Chan Chan by Buena Vista Social Club
There’s a remarkable beauty in the enjoyment of songs sung in a foreign language. The often useless and overly-simplistic narrative journey of lyrics doesn’t get in the way. The melody, which in this case includes the rhythm of the singer’s indecipherable voice, is there to be felt, in my opinion, even more viscerally than normal.
What little I know about Buena Vista Social Club includes factual details that anyone can find on Wikipedia. Wim Wenders made a documentary about them. They’re not a longstanding band, but an ensemble of ‘legendary’ Cuban musicians that Wenders helped assemble to record a few albums. I won’t bore you with any more details. I also won’t attempt to bore you with any information about Cuba, Cuban history, or Cuban music, because I don’t know anything unique about those three things that anyone couldn’t research and figure out with the click of a button. A common misconception about writers is that they’re talented, adept researchers. Writers, at least the good ones, are fantastically curious. They are also, very often, languorous and indolent, i.e., lazy bastards. Meticulous research of the highest level is a skill that lies far beyond many of the best authors (Houellebecq often cites Wikipedia in his acknowledgments). And it is this fact, anyway, that musicians share with many novelists. The work, if it should even be called that, and the result of the work, is guttural and emotional, not, never, ever!, cerebral. Otherwise the reader or listener will get bored, like you might be right now. So, to liven things up a little bit again, enjoy Buena Vista Social Club’s most famous song, Chan Chan, and take a listen to some of their stuff (ways to avoid the noun work) if you have time.

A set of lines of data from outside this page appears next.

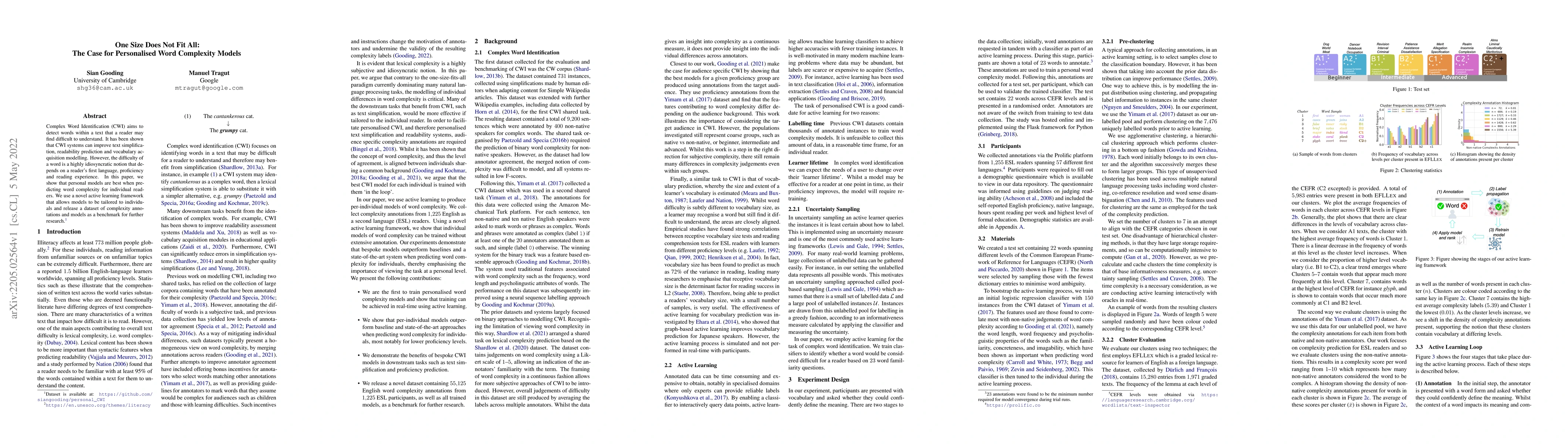 Thumbnail for One Size Does Not Fit All: The Case for Personalised Word Complexity
  Models
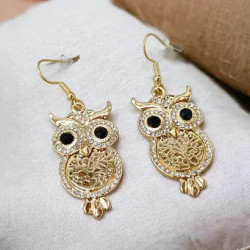 Boucles d'oreilles hibou doré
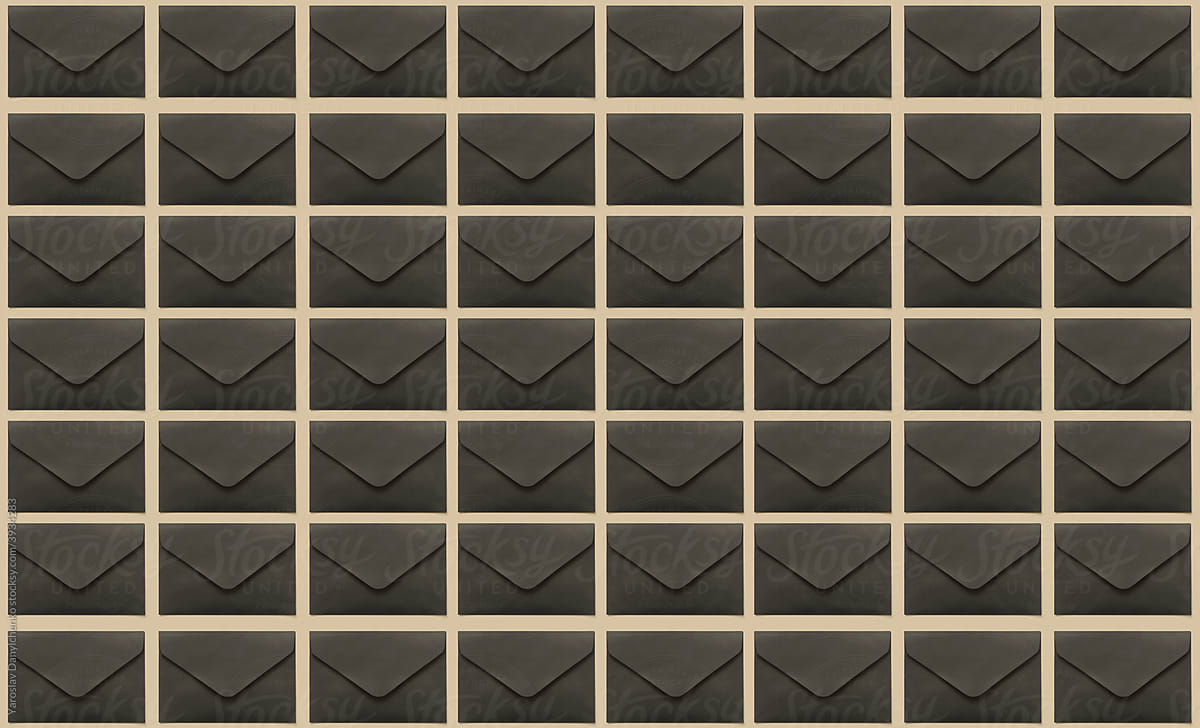 Pattern of stylish black envelopes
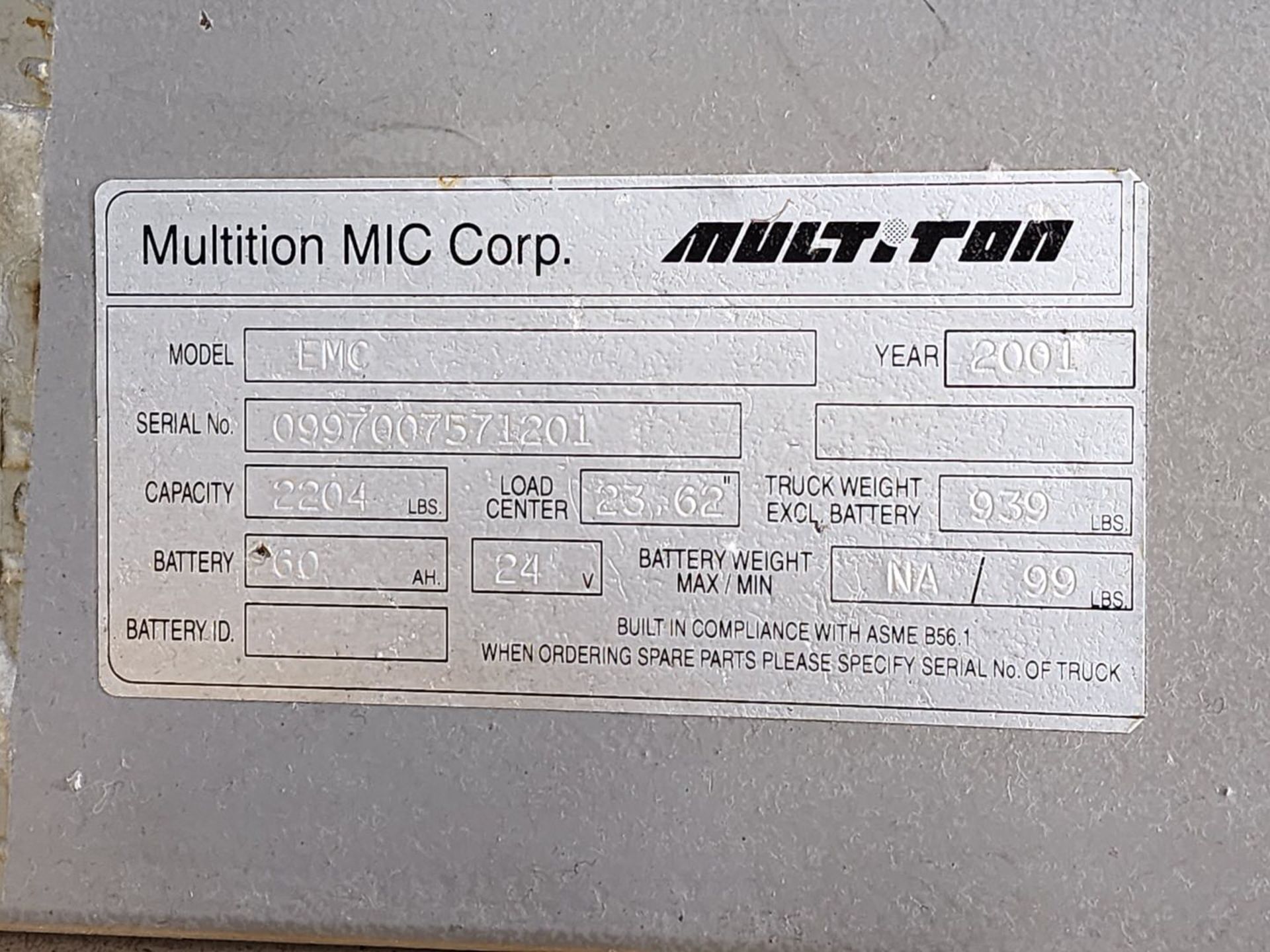 Multiton EMC Ele Pallet Jack 2205lb load cap. (Location: Machine Room) - Image 7 of 7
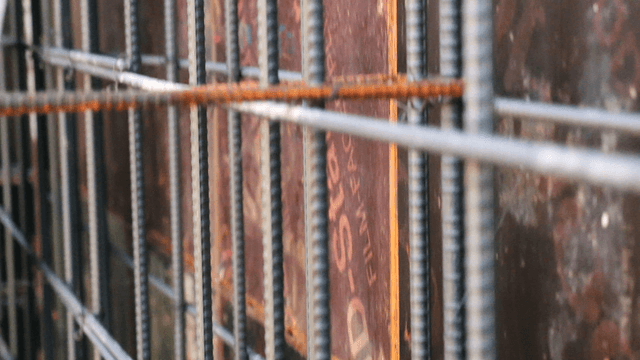 Steel rebar at a construction site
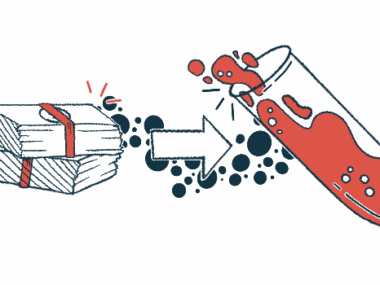 A large white arrow connects two packets of money to a giant test tube filled with blood in this research funding illustration.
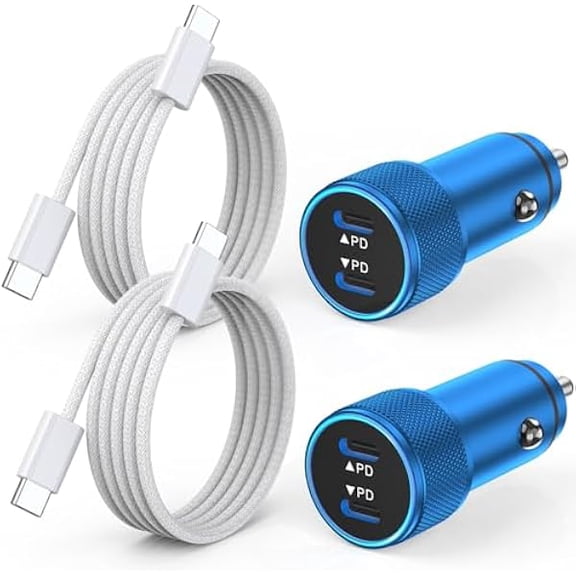 iPhone Car Charger Fast Charging,iPhone 16 Car Charger 2PACK Dual USB C PD3.0 Port Car Charging Adapter and USB C to C Braided Nylon Charger Cable Fast Charging for iPhone 16/16 Pro Max/15/iPad（Blue）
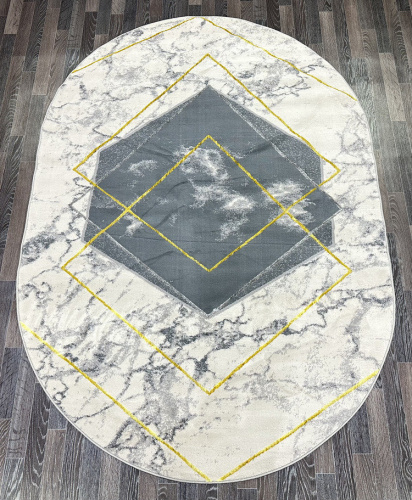 Ковер Fame 0166A_L. GREY / GOLD-овал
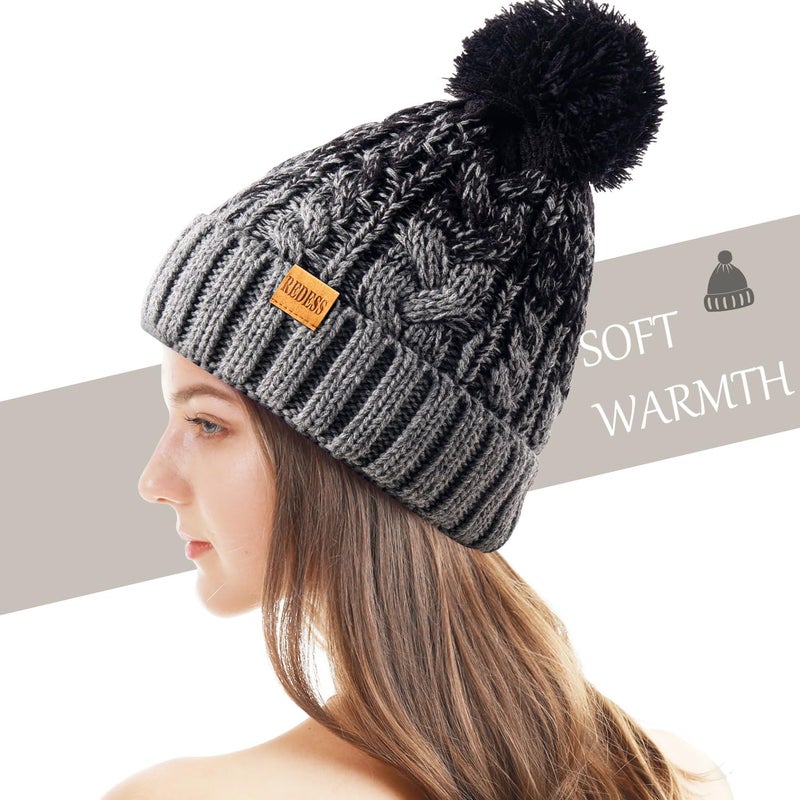 REDESS Women Winter Pompom Beanie Hat with Warm Fleece Lined, Thick Slouchy Snow Knit Skull Ski Cap - Image 3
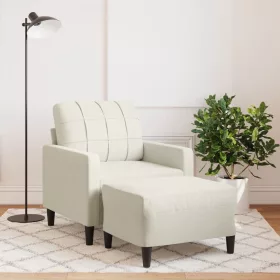 Krémszínű bársony kanapéfotel lábtartóval 60 cm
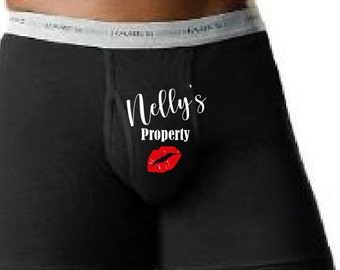 Property of Personalized Boxer Briefs - Property of, Valentines Day Gifts, Gifts for Him, Boxer Briefs, Funny Boxer Briefs,
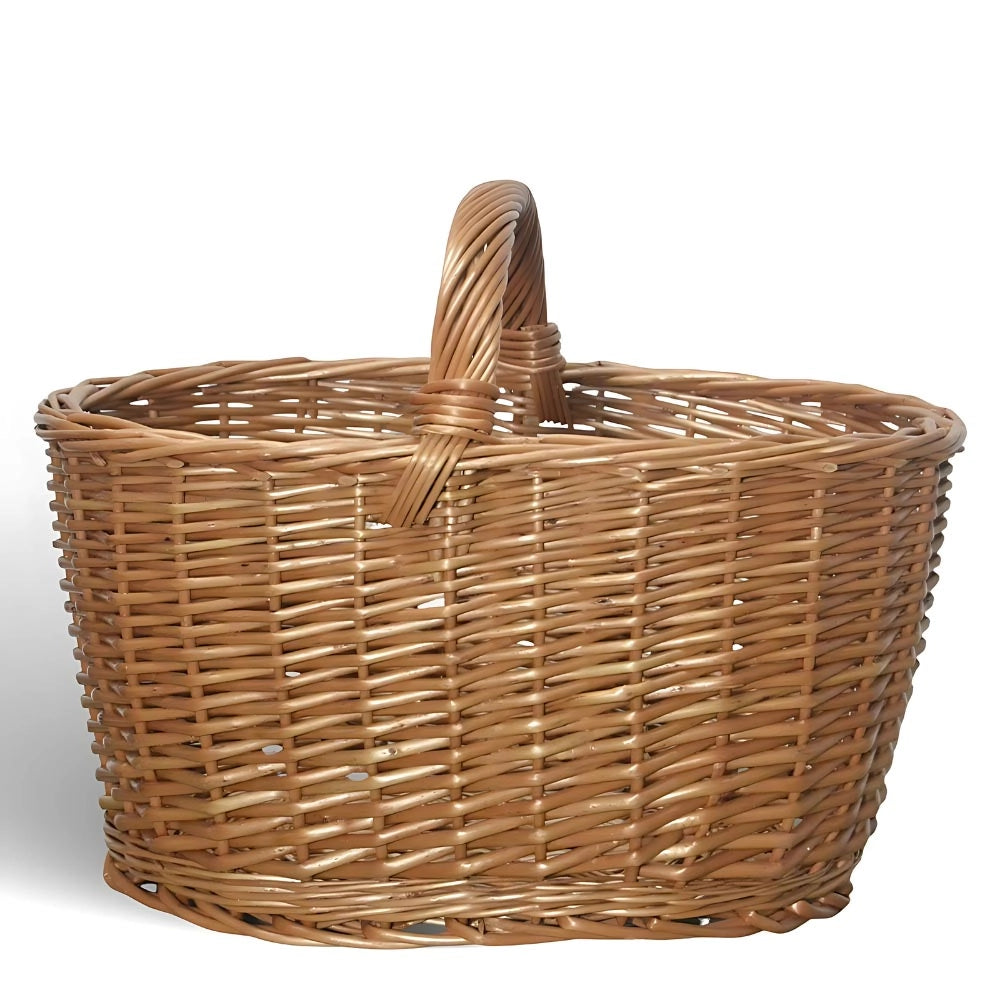 Cesta portaoggetti Barbara panaro ovale cesto in vimini con manico intrecciato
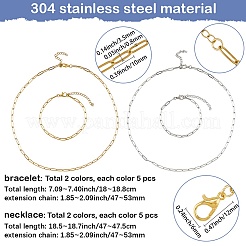 304 Stainless Steel Paperclip Chains Necklaces & Bracelet Jewelry Sets&nbsp;SJEW-SC0001-07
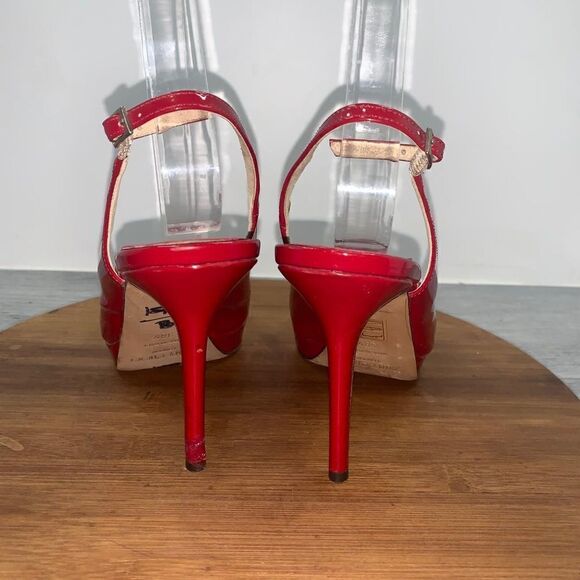 Jimmy Choo Patent Leather Slingback Pumps Heels Sandals Red Women’s size 38.5 - Picture 6 of 16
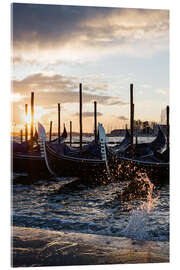 Acrylic print Gondolas at sunrise, Venice, Italy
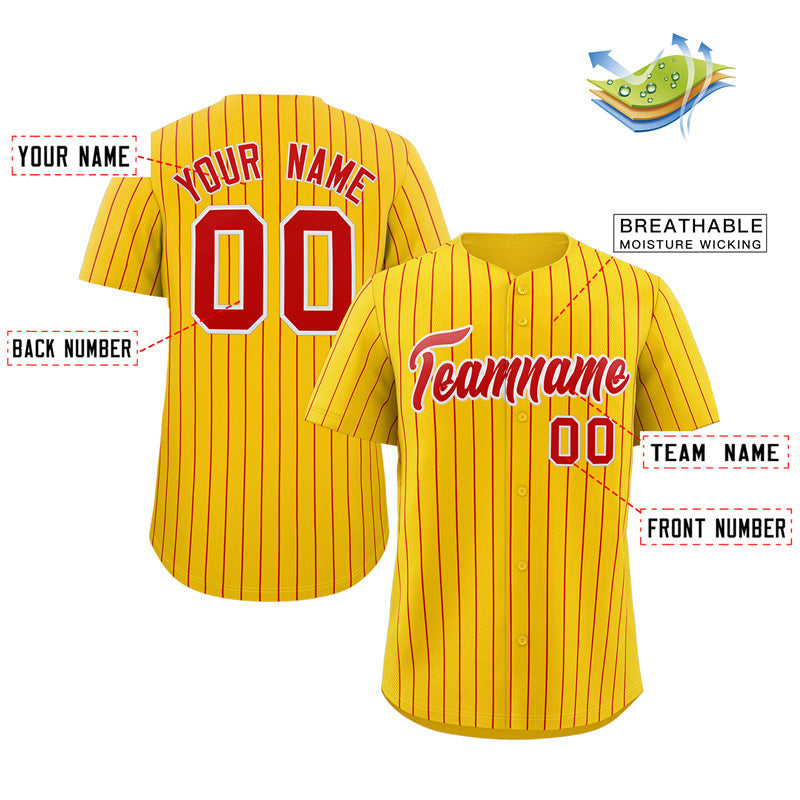 Custom Gold Red-White Stripe Fashion Authentic Baseball Jersey Limited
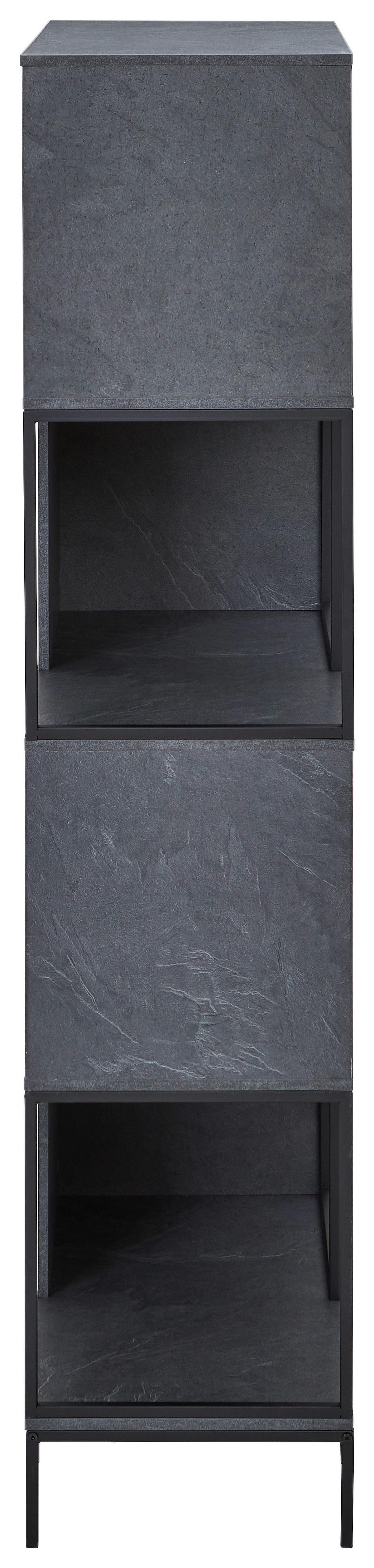 REGAŁ SEVILLA - czarny/szary, Modern, materiał drewnopochodny/metal (70/158/35cm) - PBJ
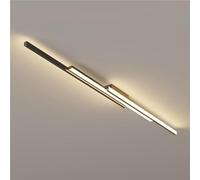 Plafonnier LED linéaire moderne 80-120 cm, intensité variable 3 couleurs, finition noir et blanc, longue bande, luminaire suspendu for salon, cuisine, salle à manger, couloir, bureau(Svart,80cm)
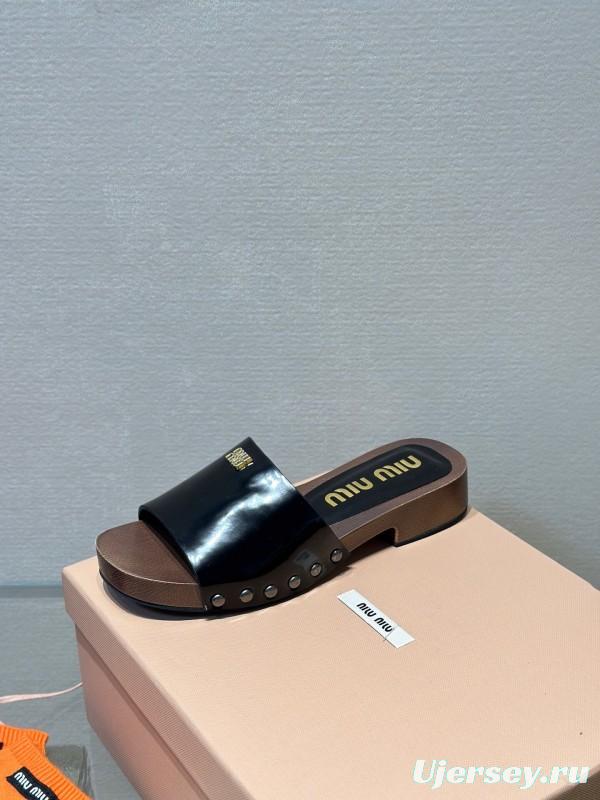 2025 Women Miu Miu Black Leather Slippers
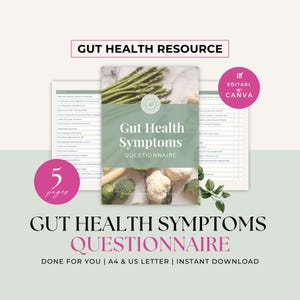 Gut Health Symptoms Questionnaire, Health Coach Intake Form, Client Onboarding, Nutrition Coaching, Consultation, Wellness Business, Canva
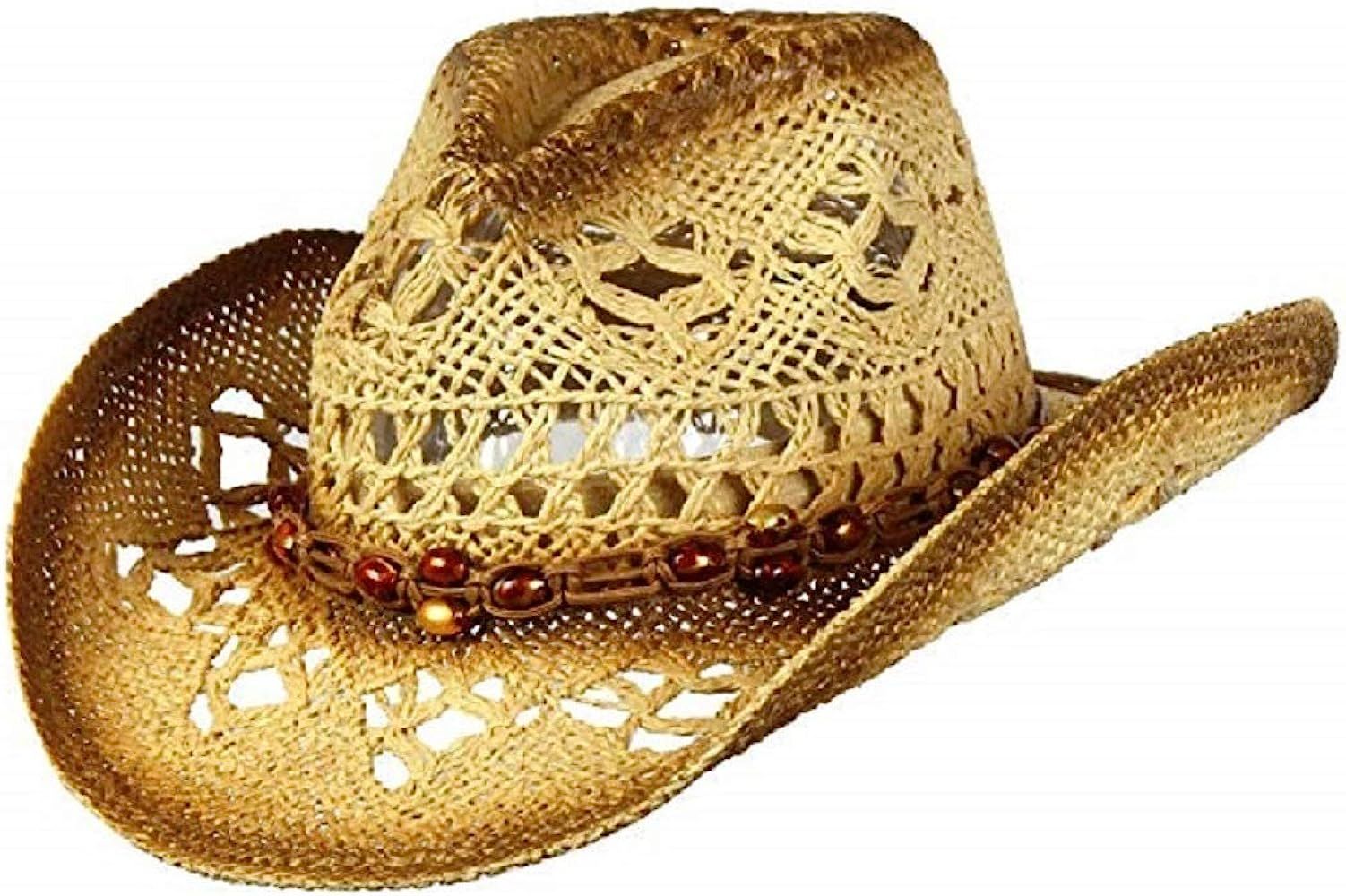 Men's & Women's Western Style Cowboy/Cowgirl Toyo Straw Hat | Amazon (US)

Maybe another day, I’ll talk about how with Google, the word research has lost all meaning. For the same reason, a lot of other words have lost their meaning, their depth and complexity, their signification of connotation and thought. Probably, though, that essay will never be written. I think this is the most I should waste my energy saying on that topic. Unless, of course, in the rhythm of a great novel I hope to one day write, when the topic of words, semiotics, and emotional sensibility comes pouring out of a digressive character’s mouth in the middle of a scene enlivened by something more interesting than theory alone, something better, something fun.